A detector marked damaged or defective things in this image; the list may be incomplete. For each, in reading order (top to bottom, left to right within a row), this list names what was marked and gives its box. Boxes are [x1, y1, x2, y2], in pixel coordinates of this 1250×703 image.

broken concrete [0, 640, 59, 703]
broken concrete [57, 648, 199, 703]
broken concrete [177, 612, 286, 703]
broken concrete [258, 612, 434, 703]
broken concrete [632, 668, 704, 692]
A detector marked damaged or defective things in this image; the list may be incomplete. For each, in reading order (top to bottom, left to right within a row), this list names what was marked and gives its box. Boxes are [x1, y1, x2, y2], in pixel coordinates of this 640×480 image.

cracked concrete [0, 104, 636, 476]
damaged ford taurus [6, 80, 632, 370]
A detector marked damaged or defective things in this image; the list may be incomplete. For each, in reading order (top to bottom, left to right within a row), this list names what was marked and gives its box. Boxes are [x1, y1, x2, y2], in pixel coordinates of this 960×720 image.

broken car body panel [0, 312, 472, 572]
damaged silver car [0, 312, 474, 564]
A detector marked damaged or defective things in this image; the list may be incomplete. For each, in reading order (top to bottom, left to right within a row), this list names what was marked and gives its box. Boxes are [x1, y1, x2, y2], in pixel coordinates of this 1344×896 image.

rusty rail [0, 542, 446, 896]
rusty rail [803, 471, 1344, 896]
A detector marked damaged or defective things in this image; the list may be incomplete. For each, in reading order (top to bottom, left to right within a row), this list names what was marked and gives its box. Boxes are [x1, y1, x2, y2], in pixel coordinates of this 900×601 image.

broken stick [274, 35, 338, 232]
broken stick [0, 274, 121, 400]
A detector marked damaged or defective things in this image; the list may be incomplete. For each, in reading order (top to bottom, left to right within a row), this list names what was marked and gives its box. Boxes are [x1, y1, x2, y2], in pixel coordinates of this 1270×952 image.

════════════════════

Assignment.
Only the lines from the one holding "this 900×601 image." to the end of the material are wanted, each transcribed exactly.

Output of the exercise.
A detector marked damaged or defective things in this image; the list may be incomplete. For each, in reading order (top to bottom, left to right within a row), this list names what was marked and gives its box. Boxes are [x1, y1, x2, y2], in pixel coordinates of this 900×601 image.

broken stick [274, 35, 338, 232]
broken stick [0, 274, 121, 400]
A detector marked damaged or defective things in this image; the list may be incomplete. For each, in reading order (top to bottom, left to right within a row), this list names what was marked and gives its box. Boxes are [x1, y1, x2, y2], in pixel coordinates of this 1270×952 image.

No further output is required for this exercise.